The numerical value obtained by multiplying these three factors is the RPN (O×S×D), which was used to grade the relevance of each step, in terms of its overall influence on the process. The RPN therefore enabled the elements most likely to contribute to serious drug administration failures to be pinpointed. The maximum RPN was 125. The RPN was also used to establish the priority of remedial measures. All data were stored in an electronic FMEA database.
The hazard analysis was completed by plotting the RPNs of higher risk failure modes in a priority matrix (figure 1), which is a graph divided into four coloured areas reflecting different levels of priority for action: Area 1 (red) urgent action required; area 2 (orange) prompt action required; area 3 (yellow) scheduled action required; area 4 (green) monitoring required.
Figure 1.
Priority matrix, plotting severity against probability (the product of O×D) before and after applying failure mode and effect analysis.
The priority matrix gave each team graphical evidence of which steps, in the complex process of administering drugs, more urgently needed corrective action to reduce the risk of failures.
After implemented any corrective actions in relation to the higher risk of failure identified, their efficacy was evaluated through tests conducted in the wards and supervised by the consultant according to international standards; these statistically significant test results formed a dataset that was collected with a view to understanding whether the action taken to reduce the risk of errors was effective. Implementing these new activities consented to estimate new occurrence, severity and detection scores for the process after implementing the recommended action and calculate the resulting RPN.7 The modified activities were then monitored for several months.
Results
The five teams developed detailed process map for own process of medication use, identifying failure modes for each step. As process step may be vulnerable to multiple failure modes, the calculation of RPNs permitted to identify the failure modes that pose the greatest risk of harm. Table 2 displays the number of process steps and the high-risk failure modes that teams identified in multiple FMEAs with the RPNs count before and after improvement plans were realised. The number of process steps varies between units with different level of intensity care.
Table 2.
Number of process steps and failure modes identified in paediatric medication use multiple failure mode and effect analyses (FMEAs)
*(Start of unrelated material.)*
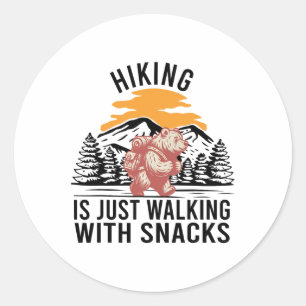 Wandern ist einfach Spazieren mit Snacks Lustiger  Runder Aufkleber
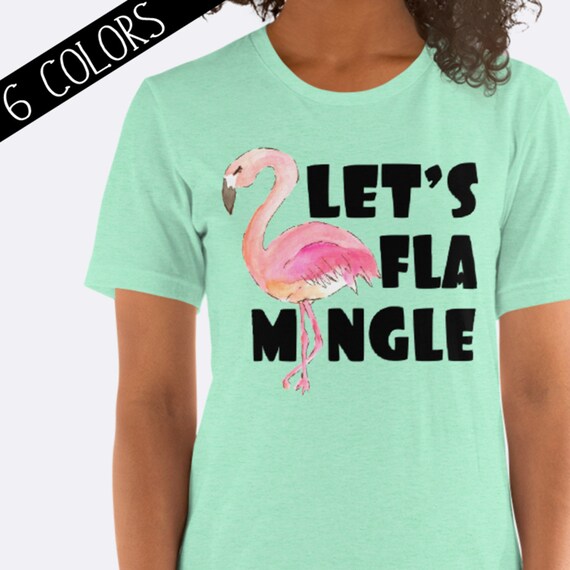 Flamingo Shirt Funny Pun Shirt Let's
| Paediatric units and process phases | Process steps | Total failure modes | High-risk failure modes before FMEA | RPNs1 | High-risk failure modes after FMEA | RPNs2 |
|---|---|---|---|---|---|---|
| N° (%) | N° (%) | N° (%) | N° (%) | |||
| NICU | ||||||
| Supplying | 25 (29.4) | 47 (23.0) | 0 | |||
| Prescribing | 18 (21.2) | 44 (21.6) | 5 (62.5) | 320 | 2 (25) | 144 |
| Preparation | 22 (25.9) | 41 (20.1) | 3 (37.5) | 208 | 2 (25) | 56 |
| Administering | 15 (17.6) | 44 (21.6) | 0 | |||
| Monitoring | 5 (5.9) | 28 (13.7) | 0 | |||
| Total | 85 | 204 | 8 | 496 | 4 (50) | 200 |
| PICU | ||||||
| Supplying | 20 (26.3) | 37 (22.7) | 0 | |||
| Prescribing | 22 (28.9) | 49 (30.1) | 7 (87.5) | 420 | 4 | 140 |
| Preparation | 15 (19.7) | 26 (16.0) | 1 (14.39 | 48 | 0 | 1 |
| Administering | 13 (17.1) | 32 (19.6) | 0 | |||
| Monitoring | 6 (7.9) | 19 (11.7) | 0 | |||
| Total | 76 | 163 | 8 | 468 | 4 (50) | 151 |
| Acute care | ||||||
| Supplying | 27 (29.7) | 37 (22.7) | 0 | |||
| Prescribing | 30 (33.0) | 49 (30.1) | 6 (66.7) | 270 | 0 | 120 |
| Preparation | 15 (16.5) | 26 (16.0) | 2 (22.2) | 93 | 1 | 48 |
| Administering | 13 (14.3) | 32 (19.6) | 0 | |||
| Monitoring | 6 (6.6) | 19 (11.7) | 1 (11.1) | 45 | 0 | 20 |
| Total | 91 | 163 | 9 | 408 | 1 | 188 |
| Onco-haematology | ||||||
| Supplying | 9 (18.8) | 14 (15.5) | 0 | |||
| Prescribing | 12 (25.0) | 23 (25.5) | 6 (100) | 288 | 2 | 124 |
| Preparation | 17 (35.4) | 27 (30.0) | 0 | |||
| Administering | 12 (25.0) | 18 (20) | 0 | |||
| Monitoring | 3 (6.3) | 8 (8.8) | 0 | |||
| Total | 53 | 90 | 6 | 288 | 2 | 124 |
| General Ped | ||||||
| Supplying | 14 (27.5) | 25 (30.4) | 4 (66.7) | 177 | 1 | 66 |
| Prescribing | 9 (17.6) | 14 (17.0) | 1 (16.7) | 48 | 1 | 24 |
| Preparation | 19 (37.3) | 27 (32.9) | ||||
| Administering | 6 (11.8) | 11 (13.4) | 1 (16.7) | 48 | 1 | 24 |
| Monitoring | 3 (5.9) | 5 (6.0) | ||||
| Total | 51 | 82 | 6 | 273 | 3 | 114 |
RPNs1: original process-RPNs2 modified process.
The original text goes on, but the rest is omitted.